Transcribe every entry word for word. Skip the pictures.
*** Data records Section Begins ***
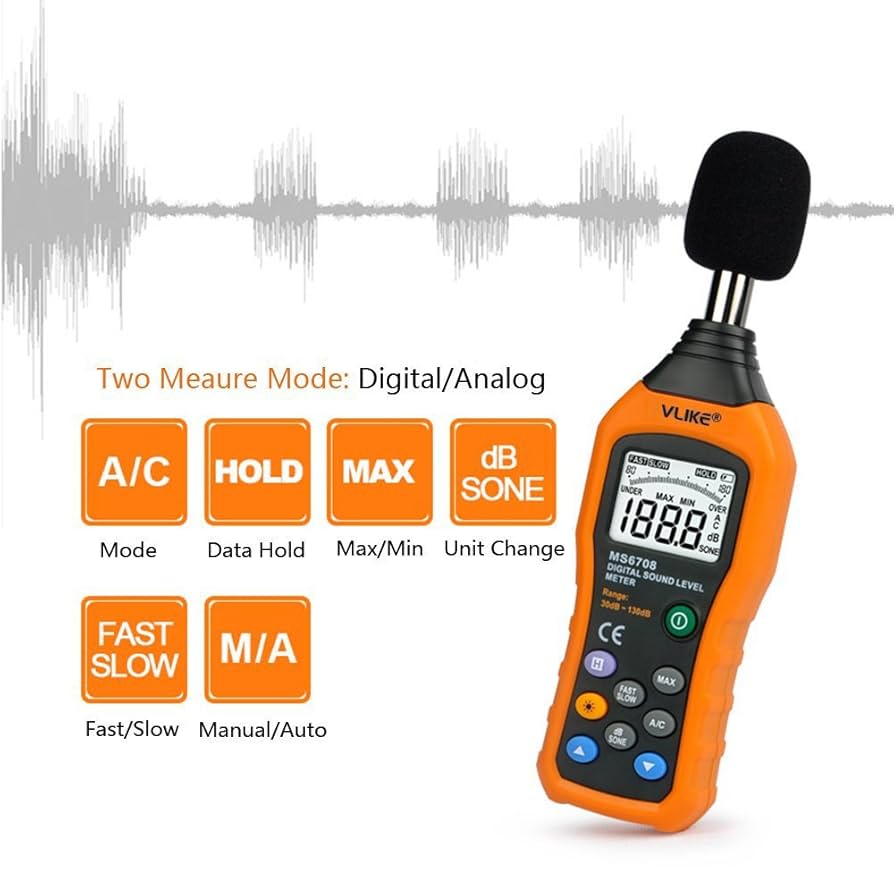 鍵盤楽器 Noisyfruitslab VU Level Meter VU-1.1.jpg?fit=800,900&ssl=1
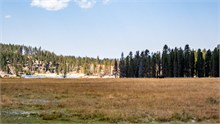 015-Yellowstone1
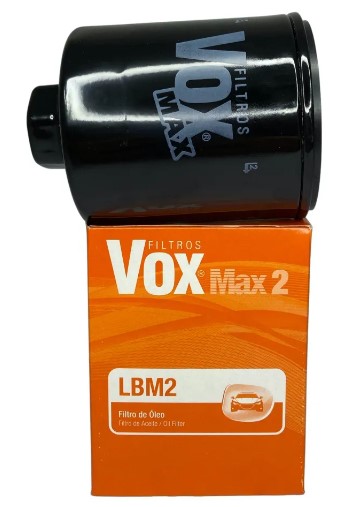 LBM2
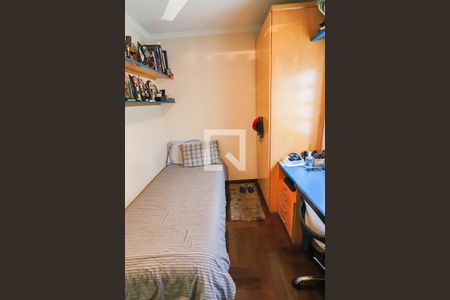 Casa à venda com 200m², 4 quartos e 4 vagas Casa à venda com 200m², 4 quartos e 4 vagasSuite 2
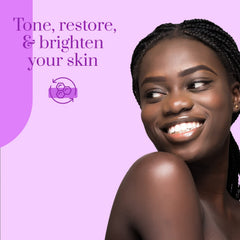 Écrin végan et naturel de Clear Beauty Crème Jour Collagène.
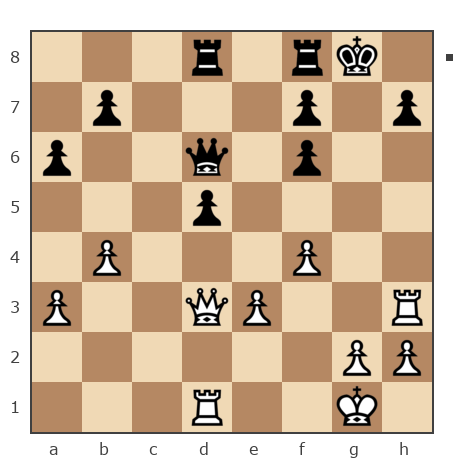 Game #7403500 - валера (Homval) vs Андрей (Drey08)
*** Data records Section Ends ***
Output below
 鍵盤楽器 Noisyfruitslab VU Level Meter VU-1.1.jpg?fit=800,900&ssl=1
 015-Yellowstone1
 LBM2
 Casa à venda com 200m², 4 quartos e 4 vagas Casa à venda com 200m², 4 quartos e 4 vagasSuite 2
 Écrin végan et naturel de Clear Beauty Crème Jour Collagène.
 Game #7403500 - валера (Homval) vs Андрей (Drey08)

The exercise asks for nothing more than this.